Fig. 5. — AKR1D1 inhibition by finasteride and dutasteride using cortisone (a), cortisol (b) and corticosterone (c) as substrates in a cell free system using recombinant human protein, as measured by NADPH reduction for 35 min. Data are expressed as % enzyme activity of n = 3 replicates. Effect of finasteride and dutasteride on AKR1D1 mRNA expression (d). Effect of finasteride and dutasteride on AKR1D1 activity, as measured by cortisone clearance (e) and 5β-THE generation (f), in HepG2 cells. qPCR data were normalised to 18SrRNA. Data are expressed as mean ± se of n = 3 experiments (*p < 0.05, **p < 0.01, ***p < 0.001, compared to control).

4. Discussion

In this study, we demonstrated, for the first time, that manipulation of AKR1D1 expression and activity is able to regulate glucocorticoid availability in liver and non-liver cell lines. AKR1D1 over-expression leads to increased glucocorticoid clearance and decreased GR activation, whilst AKR1D1 knockdown is able to decrease glucocorticoid clearance in human hepatocytes. In addition, we showed that finasteride and dutasteride, two 5αR inhibitors, failed to prevent AKR1D1-induced glucocorticoid clearance, in either cell-free or in vitro cellular systems.
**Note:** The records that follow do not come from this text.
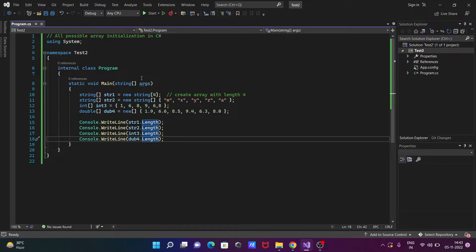So these are the four useful ways to create or initialize an array in C#/.NET. I hope this video is helpful for you. Thanks for watching, see you next week.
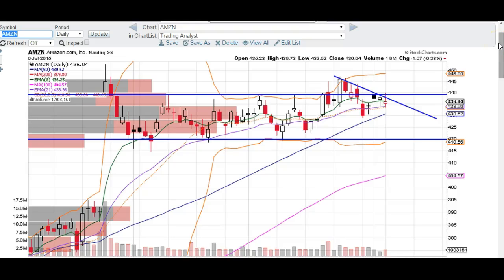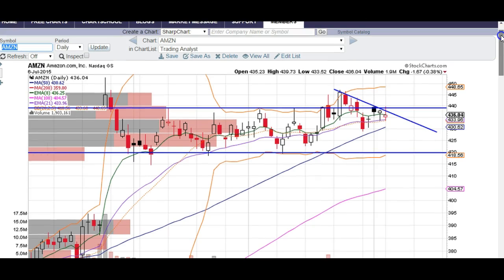Good evening traders, this is Taylor from TheTradingAnalyst.com and we're going to take a quick look at the Amazon chart. We've got a nice, simple, easy trade that we've got working for us. We're just using this downtrend line to trade against.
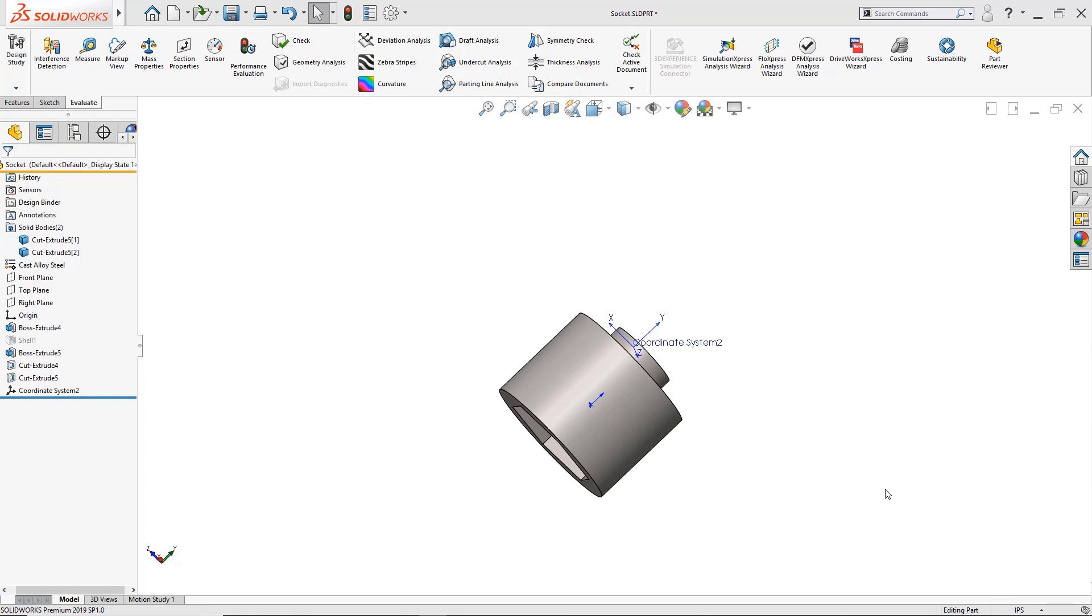Now somebody has sent us a socket part and we need to figure out what the mass, the volume, the density, and where the center of mass is located for this part. Luckily SolidWorks has a solution for us.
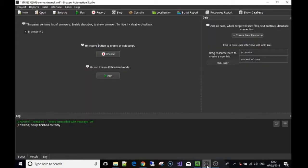Hi guys, welcome back. In this video we're going to talk about parsing lines from a file. This is really useful if you have a list of accounts — Twitter accounts, Google accounts, Instagram accounts, whatever the case may be. We're going to jump straight in and show you how this could be used. I'd recommend you watch the video on variables first, that'd be really helpful.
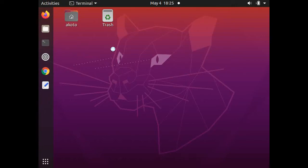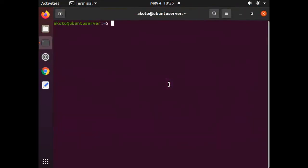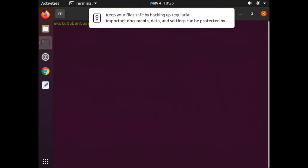Greetings folks! In this episode, we went through a number of ways of changing the hostname of an Ubuntu server.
The crystal structure and enzymology of human AKR1D1 has been extensively characterized [14,26]. AKR1D1 has broad substrate specificity [15]. Disease-causing missense mutations lead to decreased functional activity and when they occur in evolutionary conserved amino acids, enzyme stability is impaired [15,27]. Patients with mutations in AKR1D1 present with a rare and potentially severe form of neonatal cholestasis and can be treated effectively with bile acid replacement [28]. However, survival into adulthood in the absence of treatment is reported. The role of AKR1D1 in steroid hormone metabolism in vitro and in vivo has not been explored in detail. The urinary steroid profile in a single patient with a missense mutation in AKR1D1 (662C > T resulting in a Pro198Leu substitution) provided the first in vivo evidence of the ability of AKR1D1 to alter steroid hormone availability with the potential to alter glucocorticoid availability and action. In this patient, there was a marked reduction of all 5β-reduced steroid hormone metabolites, and in particular, an absence of 5β-tetrahydrocortisol [29]. There was a partial compensatory increase in 5α-reduced metabolites.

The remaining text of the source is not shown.